She is a single mother of four who works as a teller at a local bank – a bank she says is facing collapse because it has been struggling to raise the threshold capital required by the Reserve Bank of Zimbabwe.
“The prospect of being retrenched is high, just as it is with several other indigenous banks, and that is bad enough for me and my family,” Takavada told The Zimbabwean.
But there is a worse fate awaiting her: she is likely to be evicted from the six-roomed house that she had just completed building on wetland in Chitungwiza, using a $7,000 loan from her workplace.
The government, through the ministry of local government, insists that she obtained the land on which she built the house illegally, but her story is different.
“I don’t understand why (Ignatius) Chombo (the local government minister) is now saying I acquired the land illegally. I have all the papers to prove it and I appear on the municipality ratepayers’ list. I belonged to a housing cooperative that we were led to believe was above board,” she said.

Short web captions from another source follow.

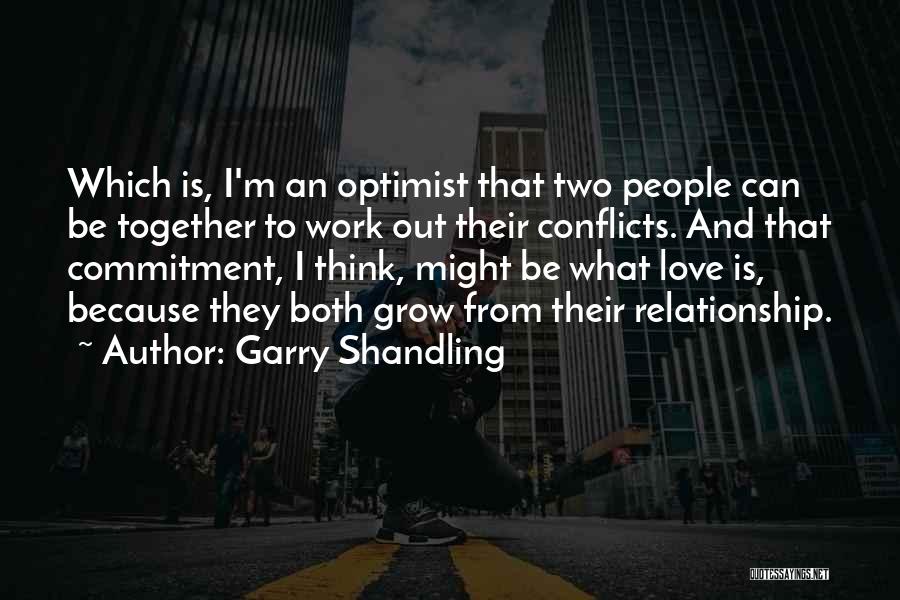 Garry Shandling Quotes: Which Is, I'm An Optimist That Two People Can Be Together To Work Out Their Conflicts. And That Commitment, I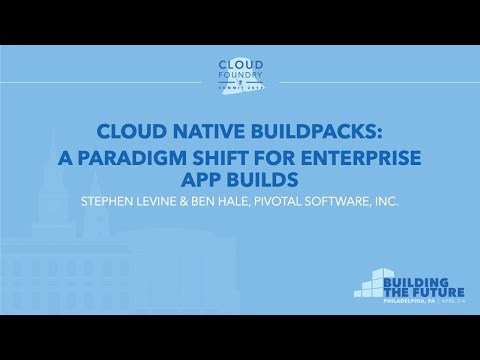 Cloud Native Buildpacks: A Paradigm Shift for Enterprise App Builds - Stephen Levine & Ben Hale, Piv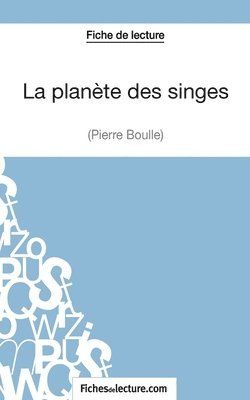 Vanessa Grosjean, Fichesdelecture - planète des singes - Pierre Boulle (Fiche de lecture), Häftad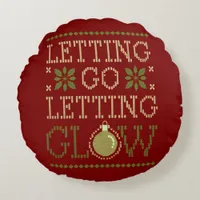 Festive Letting Go Letting Glow  Round Pillow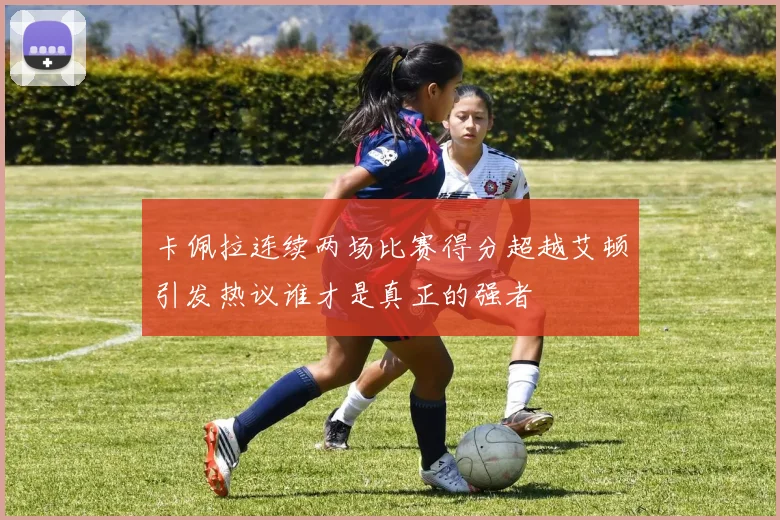 卡佩拉连续两场比赛得分超越艾顿引发热议谁才是真正的强者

The cooperative, United We Stand Multi-Purpose Cooperative, was reportedly led by a Zanu (PF) councillor, Fredrick Mabamba, whom Chombo recently suspended from the Chitungwiza municipality pending further investigations on allegations that he criminally acquired council land that he then sold to unsuspecting home-seekers.

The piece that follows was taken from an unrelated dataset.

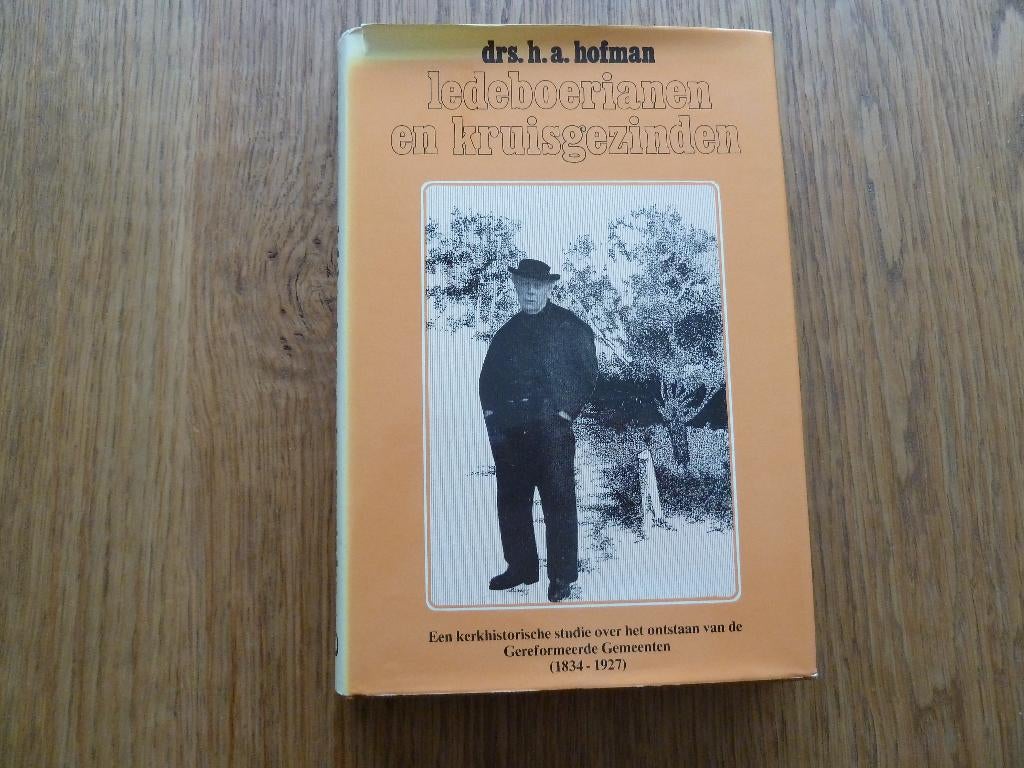 Ledeboerianen en kruisgezinden door Drs H.A. Hofman, Ophalen, Zo goed als nieuw, Christendom | Protestants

Takavada is among 14,000 home-owners whose properties the ministry plans to demolish because the stands were illegally acquired and the houses were built on top of sewer pipes, under high voltage power lines, on land designated for other uses or on wetlands.

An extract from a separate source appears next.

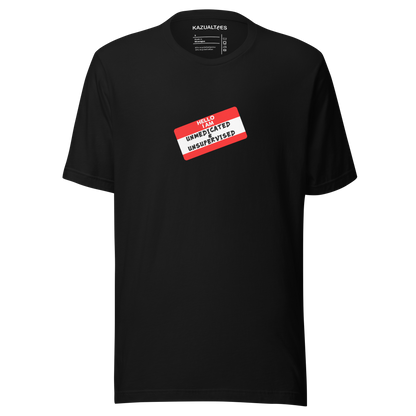 Hello I'm Unmedicated & Unsupervised Nametag T-Shirt By KazualTees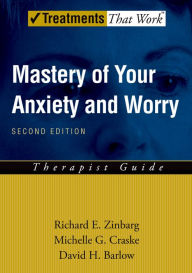 Title: Mastery of Your Anxiety and Worry (MAW), Author: Richard E. Zinbarg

The ministry has just released an audit report indicating the abuse of municipal land by councillors and other influential individuals who parceled out land to desperate home-seekers.
Even though the government has promised to allocate the affected residents new stands, it offers little comfort to the likes of Takavada.
“I really don’t know what awaits me in 2014 and beyond, but it is clear that people in my situation are headed for a bleak future. Providing affected residents with new stands is not a solution to the complex problems we face.
“From what I hear, we will not be compensated for the improvements we made on the land. In my case, where will I get the money to repay the bank, not to mention the fact that a lifetime investment will be demolished when the bulldozers come?” she said.
Samson Damison, another resident who has built a house on prohibited land close to Manyame River near the populous suburb of St Mary’s in Chitungwiza, fears that some of the affected residents will not get the new land after all.
“Land allocation has always been accompanied by corruption and it won’t be surprising if a lot of people whose houses are demolished will not be able to get alternative stands,” he said.
Added Damison: “Besides reverting to being a tenant at the mercy of ruthless landlords, I am concerned about my two school-going daughters. Whether the government gives me a new stand or I find my own place, that will disturb them because I have to change their schools and they might end up having to travel long distances to school.”
The land audit that was commissioned by Chombo indicates that the 14,000 “illegal” homes are in urban Chitungwiza and rural Seke, where village heads allegedly sold land to home-seekers in contravention of the law.
The audit report recommended that the ‘land barons’ should be prosecuted, but the residents who face homelessness in the new year say more humane strategies should be adopted by the ministry, which is now reportedly working with the United Nations Development Programme to solve the problem of illegal structures.
“While prosecuting the land barons who cheated us is okay, we would have hoped for the government to find ways of ensuring that we are compensated. In fact, we will gain nothing if the barons are jailed,” said Stella Kuziva, who was about to complete a four-bedroomed house and owns two tuckshops in Zengeza, Chitungwiza.
Chombo’s deputy, Biggie Matiza, who coordinated the audit, has however said the demolition of houses will be done in a humane manner.
“I must emphasise that the exercise is well organised, humane, planned and co-ordinated and it respects human rights and the rule of law. As a committee, we have recommended that all those affected should have somewhere to go and that should silence any fears of so called wanton demolitions,” said Matiza.
Observers have for long urged the government to adopt an effective housing policy to meet the growing demand, saying the construction of houses without proper authorisation indicated acute land hunger.
Independent economist Innocent Makwiramiti said demolitions would have negative financial implications for both the ejected home-owners and the government.
“The demolition of the so-called illegal structures will create demand for accommodation and landlords are going to push rents up. But then, demolishing the houses comes with a cost because there is need for fuel, transport hiring and payments to hired workforces.
“This, of course, comes amid reports that government has paid an arm and a leg to the people who were conducting the audit,” Makwiramiti told The Zimbabwean.